From the data below, return the exact lines starting at the line containing "This vehicle has less" and ending at the line containing "On December 1st", both included, and nothing else.

===== Records for this task

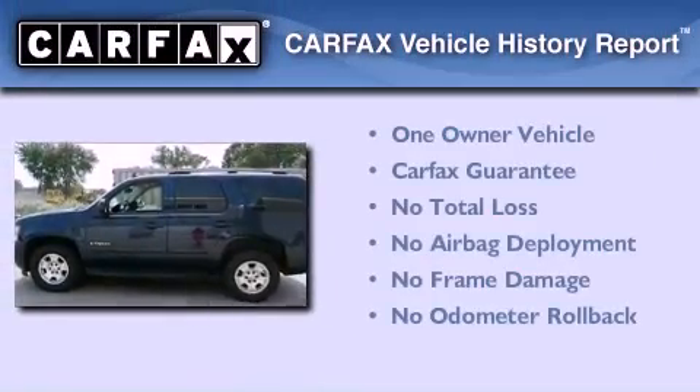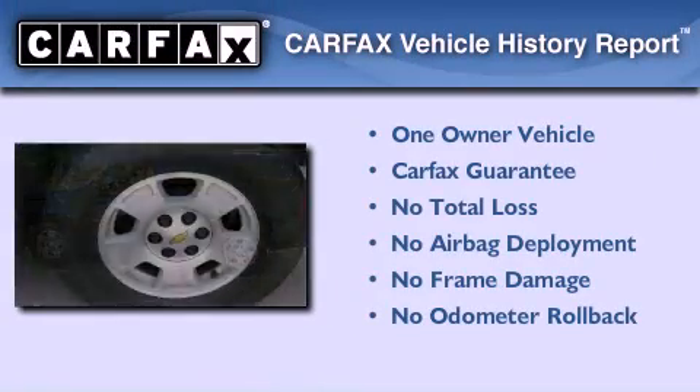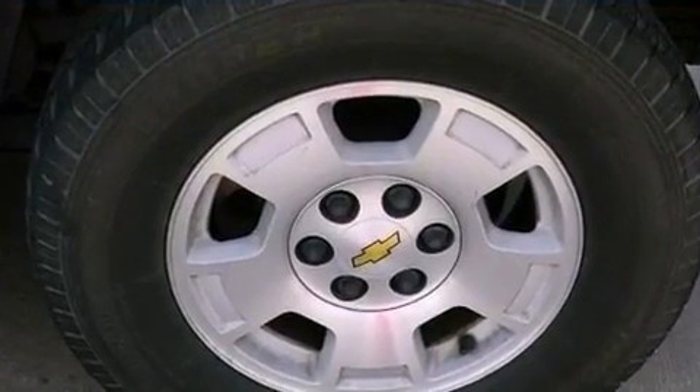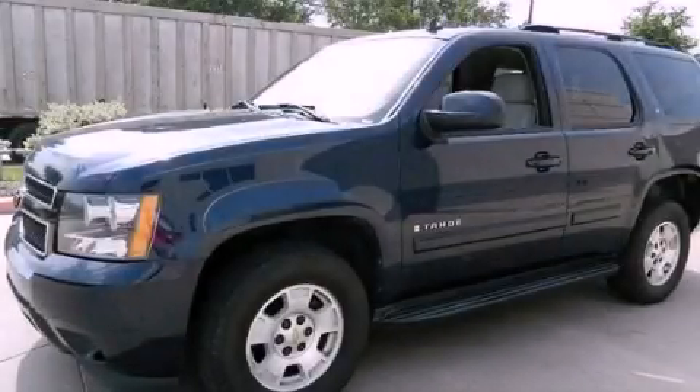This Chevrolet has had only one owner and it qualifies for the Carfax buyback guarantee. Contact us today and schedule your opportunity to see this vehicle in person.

==========
===== Records for this task

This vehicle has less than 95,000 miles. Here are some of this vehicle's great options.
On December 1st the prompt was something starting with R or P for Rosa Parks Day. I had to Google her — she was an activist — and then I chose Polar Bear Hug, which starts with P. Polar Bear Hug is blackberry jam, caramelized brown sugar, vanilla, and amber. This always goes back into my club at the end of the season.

==========
===== Records for this task

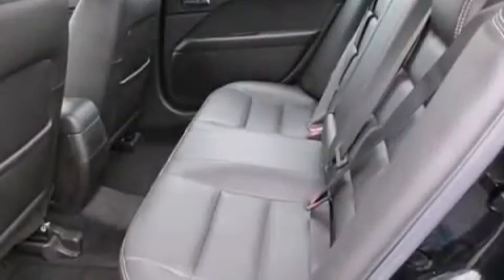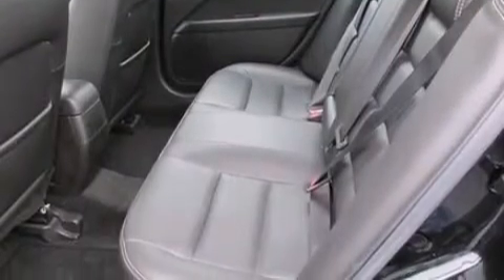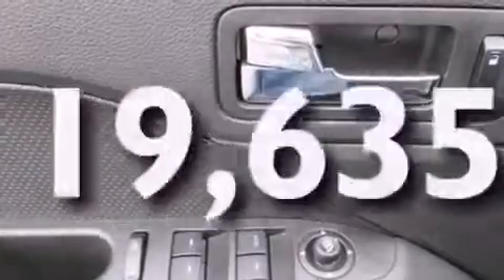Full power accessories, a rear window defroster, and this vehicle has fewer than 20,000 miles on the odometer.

==========

- _Task response_
This vehicle has less than 95,000 miles. Here are some of this vehicle's great options.
On December 1st the prompt was something starting with R or P for Rosa Parks Day. I had to Google her — she was an activist — and then I chose Polar Bear Hug, which starts with P. Polar Bear Hug is blackberry jam, caramelized brown sugar, vanilla, and amber. This always goes back into my club at the end of the season.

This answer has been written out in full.